Book Corner – October 2019 (2)

Mr Finchley Discovers His England – Victor Canning

I have been musing why the interwar years saw such a prolific outburst of what might be termed escapist literature, particularly detective fiction and comic writing. It may well have been something to do with the absence of alternative popular entertainment, radio was in its infancy and television a distant spot in a cathode ray tube. It might have been a conscious attempt to blot out the horrors of the recent world war, the grim economic realities that were prevailing and the rise of fascism. Who knows? What is for sure is that there is a glut of literature, popular in its time, waiting to be rediscovered.

Victor Canning is best known as a prolific writer of novels and thrillers, he was a wartime friend of Eric Ambler, in the 1950s, 60s and 70s. However, his first book, published in 1934 in the UK and two years later as Mr Finchley’s Holiday, was this rather charming and funny journey of self-discovery. The protagonist, Mr Finchley, in early drafts his name was Mr Pitcheley, is an unmarried, chubby, dyspeptic solicitor’s clerk who had never taken a holiday. The death of his boss and Mr Sprake’s assumption of the reins of power changes all that. Finchley’s dutiful service is rewarded with a three-week holiday.

And where better in the 1930s to spend three weeks than in Margate? Having booked his accommodation at the Kent resort, Mr Finchley sets off for his holiday. But he never gets there. Whiling away some time before catching his train, he is prevailed upon to look after a Bentley. Feeling a little tired, Finchley stretches out in the back of the car and, surprise, surprise, finds that it has been stolen and that he has now been kidnapped by a gang of criminals. And so begins a series of improbable escapades.

To modern eyes there may be too much easy stereotyping, people are labelled lunatics and gypsies, and an underlying moralistic tone in the book, but it is an easy and engaging read. Finchley manages to escape from the clutches of the criminal gang, and realising that his plans to enjoy his holiday in Margate, sets out west, reaching Land’s End before returning home. Along the way, he has adventure after adventure. He encounters many people who in one way or another have fallen on hard times and are living an itinerant lifestyle, including gentlemen of the road aka tramps, artists, travellers and gypsies. To make ends meet he takes a job at a fair and then sells petrol.

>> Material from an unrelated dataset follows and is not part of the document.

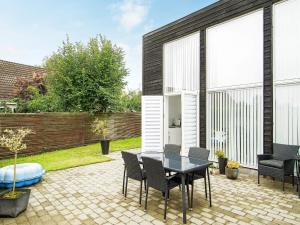 a patio with a table and chairs in a backyard at Holiday home Gilleleje CVII in Gilleleje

He takes part in the obligatory game of cricket and towards the end of the book, becomes the innocent party to a smuggling expedition.

What is surprising is the dark undercurrent to life on the road. Finchley is forever being threatened with violence, on occasions threats turn to blows, and is nearly strangled to death. There is a dark side to the bucolic idyll that Canning paints. The humour is gentle and the book, effectively a comedic travelogue, reminded me of Jerome K Jerome’s Three Men in a Boat but, in truth, it is not as funny.

Journeys which transform people’s lives are a modern-day trope, I usually blanche when I hear someone say they have been on a journey, but this is a fair summary of Finchley’s experiences. As Canning wrote, “he still suffered from indigestion. He was still bald. He still loved his pipe. Yet he was different…” There are two more books in the Mr Finchley series which I will probably read at some point. Farrago Books are to be commended for bringing this thirties’ gem back into print.